Segment Start: Recorded data

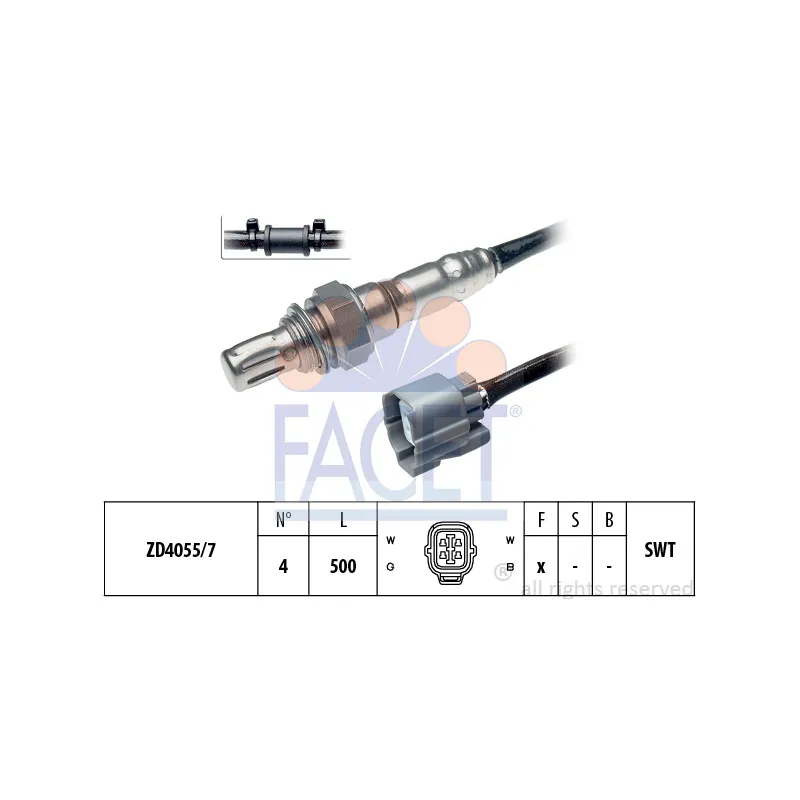 Sonde lambda FACET 10.7496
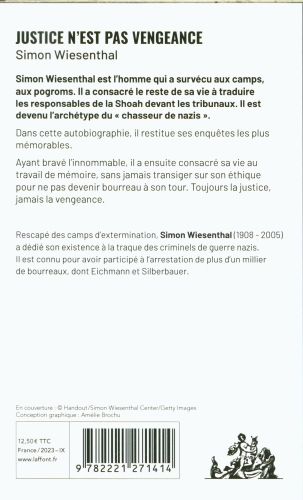 Produktbild: Justice n'est pas vengeance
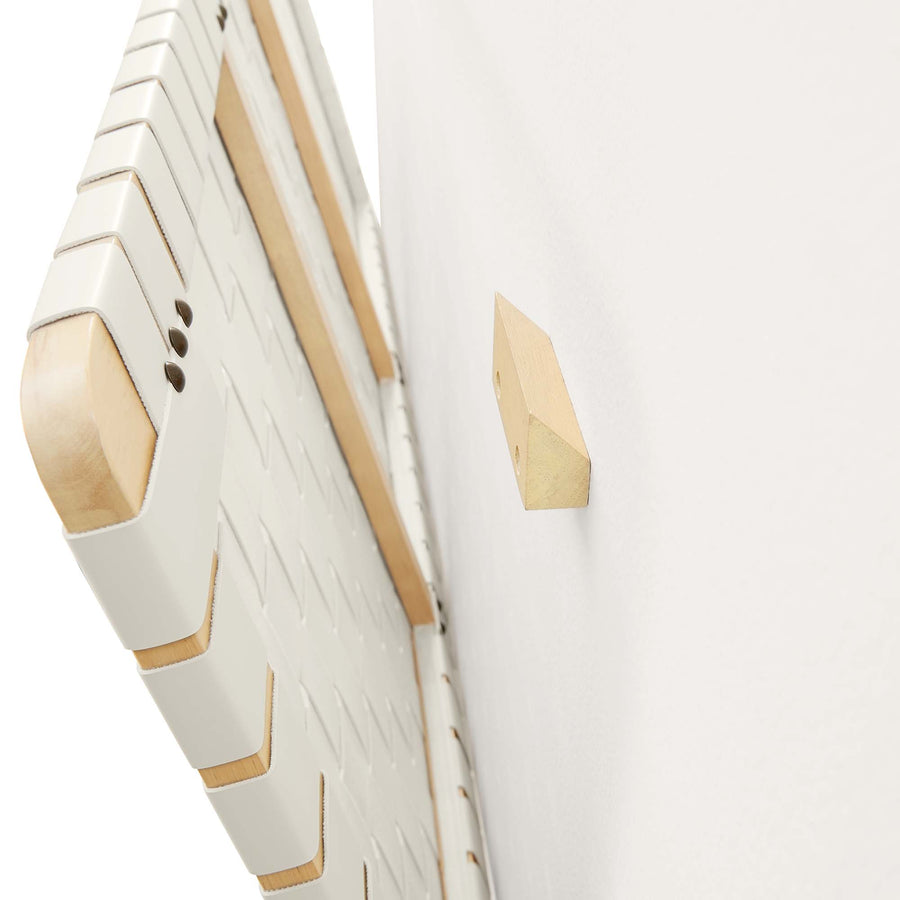 Sloane Weave Wall-Mount Vegan Leather Twin Headboard in Natural Beige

Segment End: Recorded data

# Your objective:
I would like the material above returned exactly as it stands, without its pictures.

# Task response:
 Sonde lambda FACET 10.7496
 Produktbild: Justice n'est pas vengeance
 Sloane Weave Wall-Mount Vegan Leather Twin Headboard in Natural Beige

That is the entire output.